Bologna è una città da sempre ricca di stimoli per quello che riguarda la musica, soprattutto per quanto concerne l’hip hop e il suono tipicamente d’Oltreoceano. Come questo lato della città felsinea ha avuto un’influenza su quello che eri e su come sei diventata?

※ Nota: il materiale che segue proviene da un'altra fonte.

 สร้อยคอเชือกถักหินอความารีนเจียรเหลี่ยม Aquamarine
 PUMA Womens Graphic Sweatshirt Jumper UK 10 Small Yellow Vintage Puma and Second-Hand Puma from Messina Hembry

Ho avuto la fortuna di essere una teenager durante la golden age dell’hip hop e di frequentare le serate Ghetto Blaster organizzate all’Isola nel Kantiere. Detto ciò, non mi sono mai limitata a un solo genere musicale, ho ascoltato di tutto, dal goth rock, all’hardcore punk, all’IDM e per questo, oltre ad un’insaziabile curiosità, devo ringraziare certamente i centri sociali della mia città che negli anni hanno fatto scuola (dalla già citata Isola nel Kantiere alla Fabbrica Occupata, dal vecchio Link, sino ad arrivare alle case occupate in Pratello e al Livello 57 di via dello Scalo) nonché i tanti locali e festival che si sono succeduti a Bologna. Ad onor del vero, tuttavia, non posso omettere che per la mia formazione musicale sono stati fondamentali anche gli otto anni passati a Milano dal 2000 al 2008. Qui, lavorando nella redazione dell’ahimé ormai defunto mensile musicale ‘Tribe’, ho avuto occasione di ascoltare un sacco di musica nonché seguire e intervistare alcuni fra gli artisti più disparati, da ?uestlove, Jay Z e Chuck D dei Public Enemy a Marilyn Manson e i Bad Religion.

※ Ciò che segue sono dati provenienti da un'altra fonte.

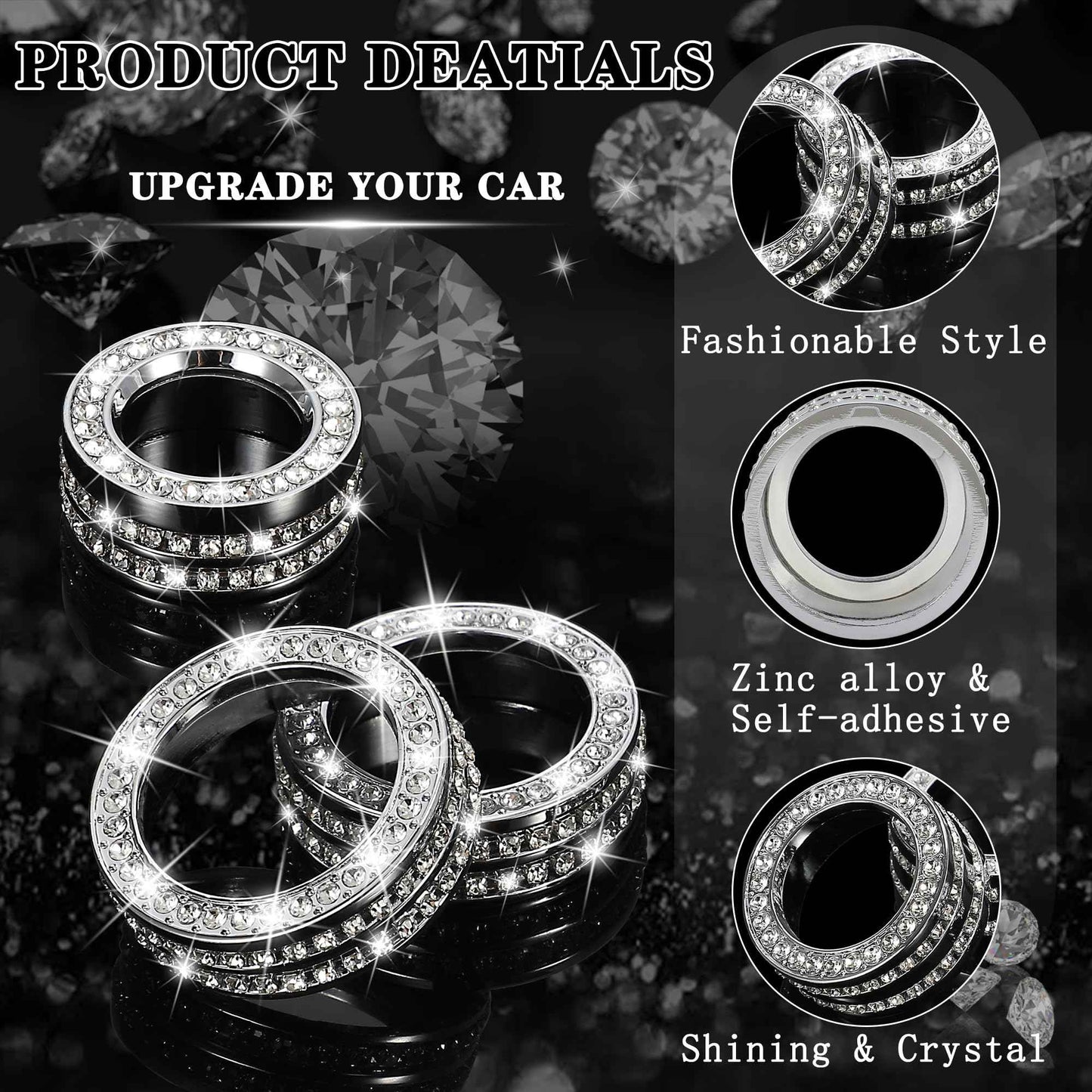 TOMALL Bling AC Air Conditioning Knob Button Cover Compatible with Chevy Equinox Malibu Volume Knob Trim Centre Console Air Conditioner Switch AC Climate Knob Cap Bling Interior Accessories for Car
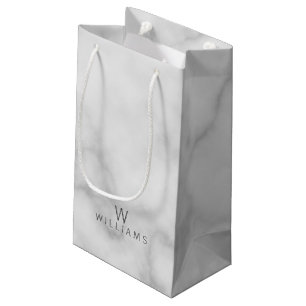 White Marble with Personalised Monogram and Name Small Gift Bag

Un artista è una figura che spesso si dedica a più di un progetto. Quali sono quelli che stai portando avanti e quelli futuri?
Ti ringrazio ma la parola artista nel mio caso forse è un po’ fuori luogo. Preferisco decisamente le definizioni cantante o autrice. Al momento sto collaborando con Spire (Paolo Iocca) che mi accompagna sul palco e ha rimaneggiato i brani di “Lacework” composti da me ed Ezra facendoli suoi per riproporli dal vivo. Lo stesso sta facendo anche White Raven (al secolo Bartolomeo Sailer, già Wang Inc) che mi affianca nei live quando Paolo è impegnato col suo progetto da solista. Inoltre continuo a collaborare con Massimo Carozzi (Zimmerfrei) e Manuel Giannini (Starfuckers) al progetto musicale di dub-techno Weight and Treble e a portare avanti il Suz Jazz Quintet insieme a Valerio Pontrandolfo, Nico Menci, Bruno Briscik e Marco Frattini (cui dal vivo si alterna talvolta alla batteria Gaetano Alfonsi). Fra le altre collaborazioni in atto ci sono poi quella con TY1 (Clementino, Marracash) insieme al quale ho scritto tre brani che faranno parte del suo nuovo disco intitolato “Hardship” in uscita a gennaio del 2016 e quella con Justin Bennett (Skinny Puppy, My Life with the Thrill Kill Kult, Bahntier) per il suo album di prossima uscita sotto lo pseudonimo kETvECTOR. Solo qualche giorno fa è inoltre uscita un’antologia di brani del mio vecchio amico Luca Faggella nella quale compare una canzone sinora inedita intitolata “Hourglasses” che abbiamo scritto insieme e inciso nel 2008 e che oggi dal vivo Luca interpreta insieme alla brava Elisa Arcamone.